Columnistas

De escasez y algunas lecciones

ace varios años, muchos hicieron mofa cuando el simpático gerente de una empresa estatal recomendó a la población ahorrar agua como medida excepcional para enfrentar su carencia y un obligado racionamiento.

Práctico y con sentido común, el funcionario sugirió -entre otras medidas extremas- utilizar con mesura el vital líquido en toda actividad cotidiana, especialmente al bañarse, pues es bien sabido que esta acción propicia el derroche.

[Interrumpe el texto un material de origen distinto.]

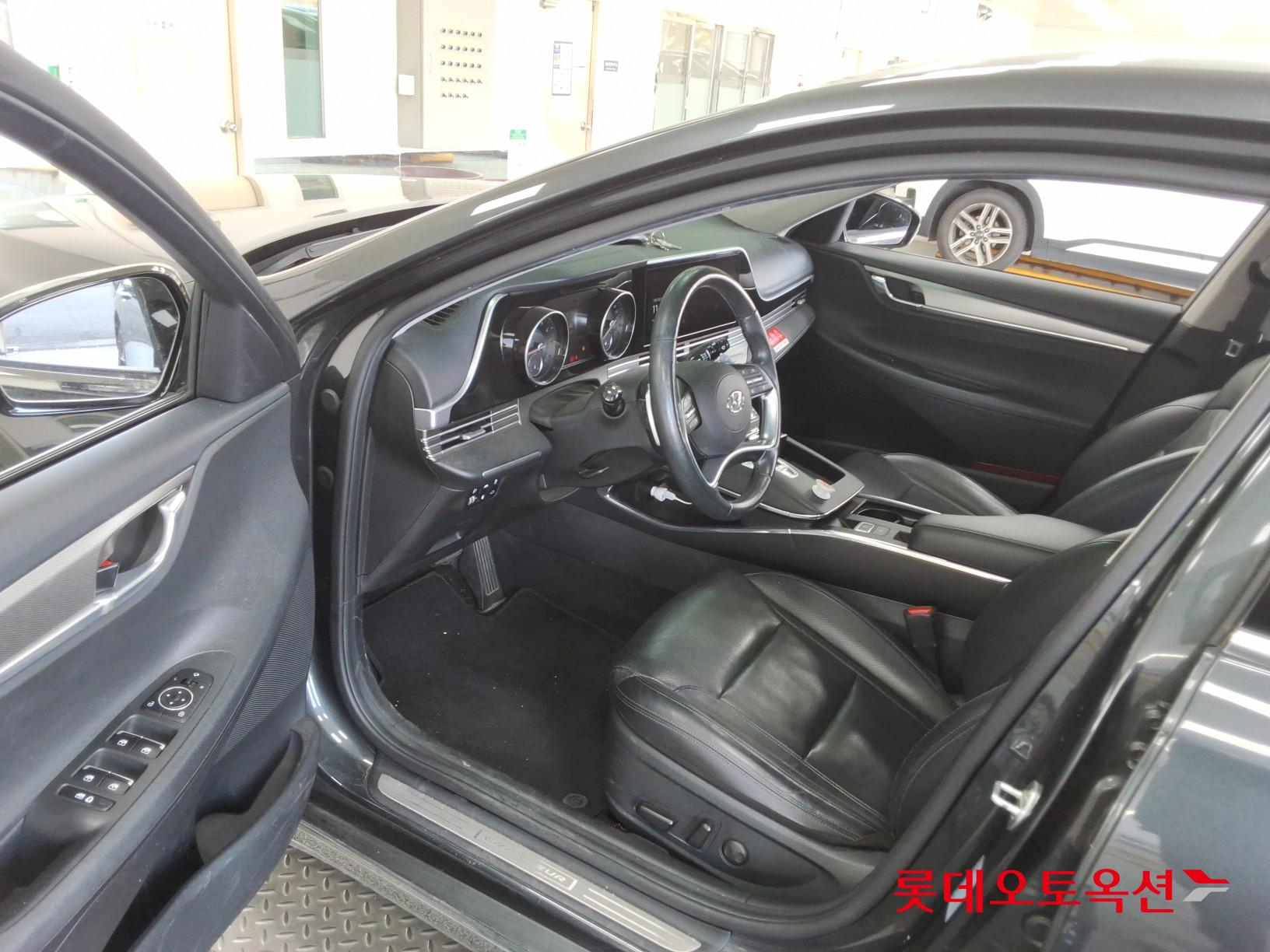 Hyundai Grandeur id 3436624 из Кореи 34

“Basta con una cubeta”, afirmó seguro y sin perder la compostura. Sobró quien le ridiculizara y el recuerdo de ese consejo le acompañó toda la vida, algo que siempre se tomó con proverbial buen humor.

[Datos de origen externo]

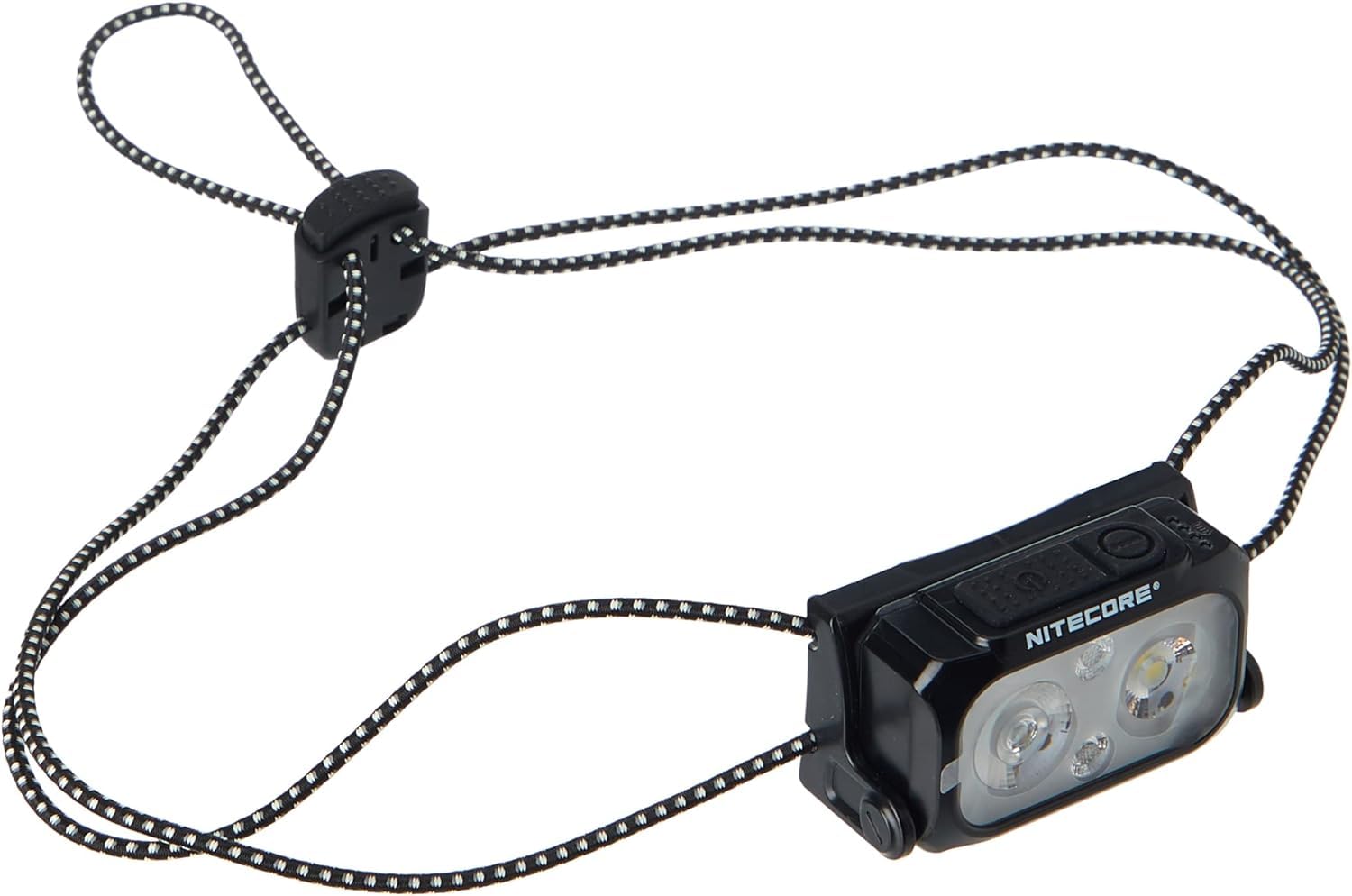 Nitecore NU25 ultralight rechargeable headlamp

Cuando el huracán y tormenta tropical Mitch dañaron la red de distribución de agua potable de la capital y otras ciudades, más de uno constató que aquel sabio hombre nunca estuvo errado: no solo era posible asearse con el volumen sugerido (incluso con la mitad), sino que el líquido residual servía para descargar los saturados inodoros, carentes de suministro hídrico desde las tuberías. Cantidades mínimas bastaron para lavar utensilios de cocina, ropa y suplir demandas de aseo e higiene.

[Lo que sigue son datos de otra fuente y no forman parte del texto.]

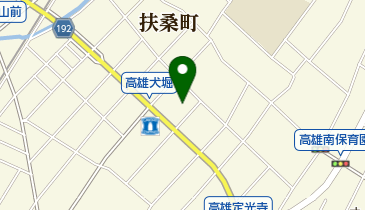 M&M通訳メイト本部の地図画像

Mientras añorábamos días de abundancia, reflexionábamos sobre el poco aprecio que se tiene de algunos bienes cuando estos se tienen y sobran, mientras nos volvíamos tolerantes a cuellos de camisa percudidos, barbas sin afeitar y zafios humores corporales.

¿Y qué decir de los racionamientos de energía eléctrica de la primera mitad de la década de los noventa?

Las oscuranas que congregaban a familias alrededor de velas, quinqués y candiles revivieron el placer olvidado de las conversaciones, llenas de recuerdos y hasta algún improperio contra la desidia de gobernantes. Entonces resultó notable la extrema dependencia de la energía eléctrica y de las comodidades que aporta a la vida moderna, pero también como algunas de sus ventajas -especialmente la televisión- habían afectado la comunicación intrafamiliar.

Las noches de ingrato encierro en los estados de excepción decretados en nuestras crisis políticas nos hicieron valorar nuestras libertades. Durante breves temporadas mucha gente pudo experimentar la inseguridad que debe soportar la población de las barriadas, agobiadas por la violencia que provoca la delincuencia, pero también por los excesos de una represión estatal que no conoce de límites democráticos ni de derechos humanos.

Basten tres ejemplos para mostrar cómo la posibilidad de contar con la provisión de servicios públicos básicos o moverse libremente suelen ser poco apreciados cuando se cuenta con estos a diario.

Es obvio que resulta mejor cuidarlos bien que lamentar su ausencia y rogar al cielo por su retorno.

¿Hemos tomado consciencia de ello o faltan lecciones por recibir?